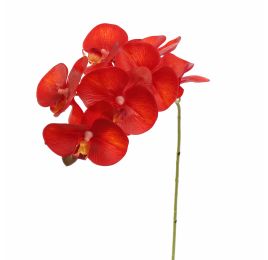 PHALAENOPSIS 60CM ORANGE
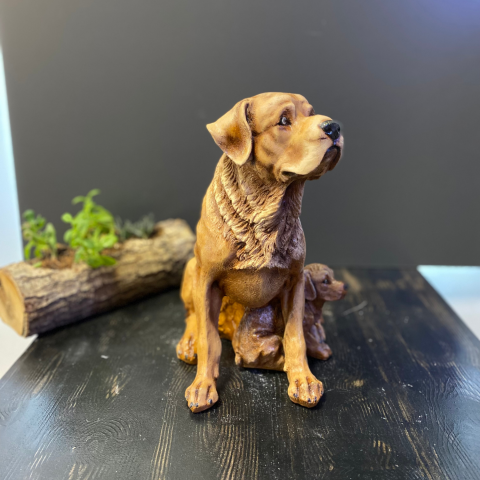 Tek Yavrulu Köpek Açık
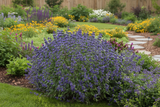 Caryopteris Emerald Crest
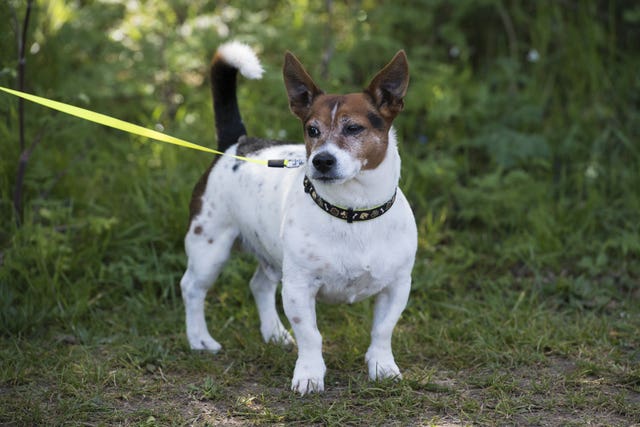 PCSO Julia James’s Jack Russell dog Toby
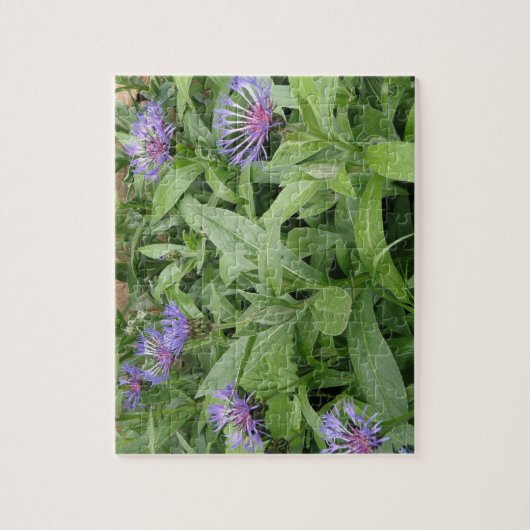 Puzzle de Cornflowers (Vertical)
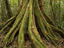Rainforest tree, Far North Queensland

^^^^

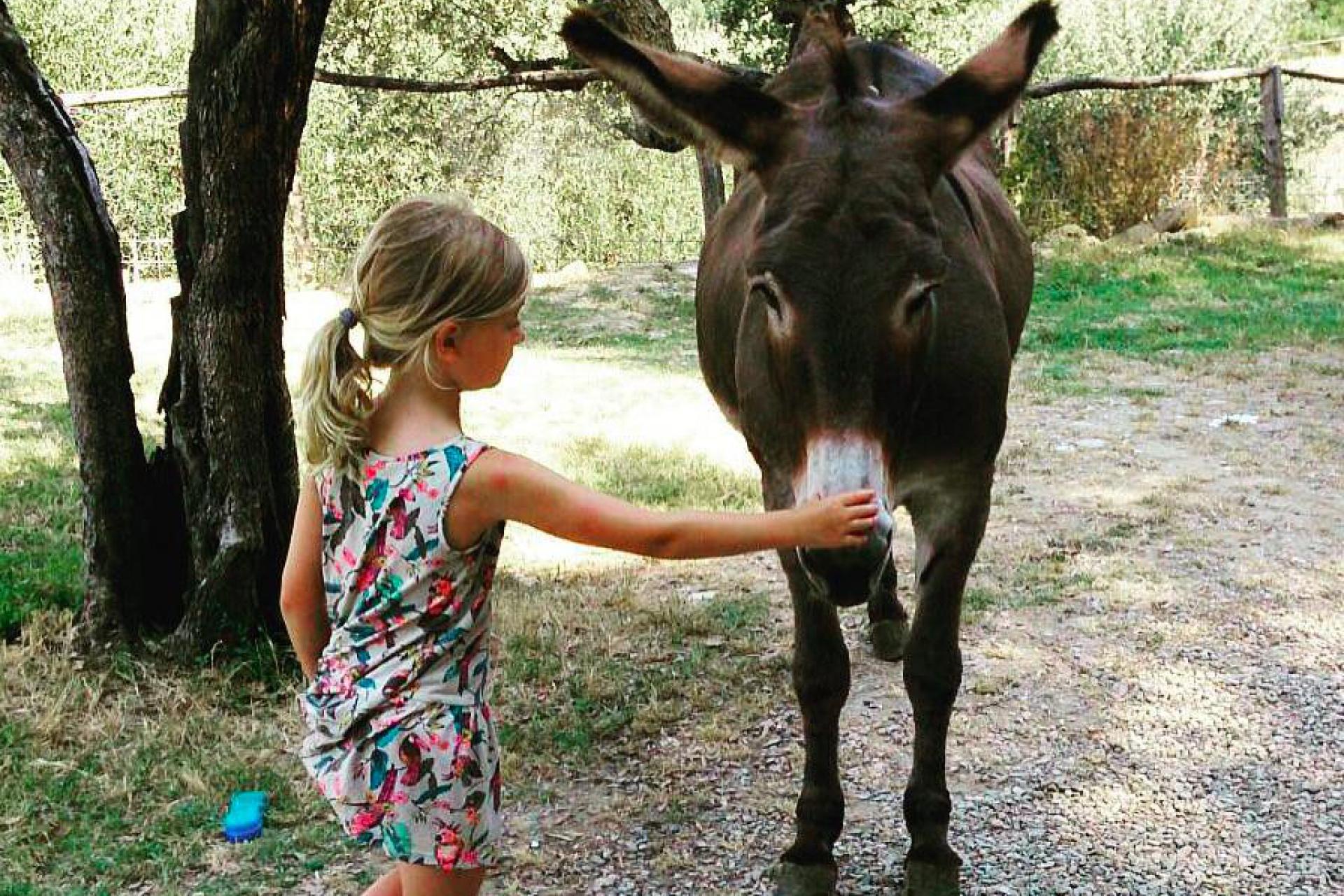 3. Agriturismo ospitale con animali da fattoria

^^^^

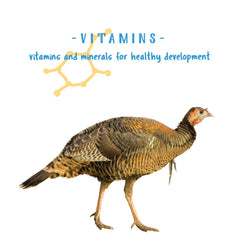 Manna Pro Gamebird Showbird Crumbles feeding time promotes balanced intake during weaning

^^^^

— About this exercise —
Going by the data above, the answer is exactly the lines from the one holding "Puzzle de Cornflowers (Vertical)" to the one holding "Rainforest tree, Far North Queensland", both kept, with the pictures left out.

— Answer below —
 Puzzle de Cornflowers (Vertical)
Rainforest tree, Far North Queensland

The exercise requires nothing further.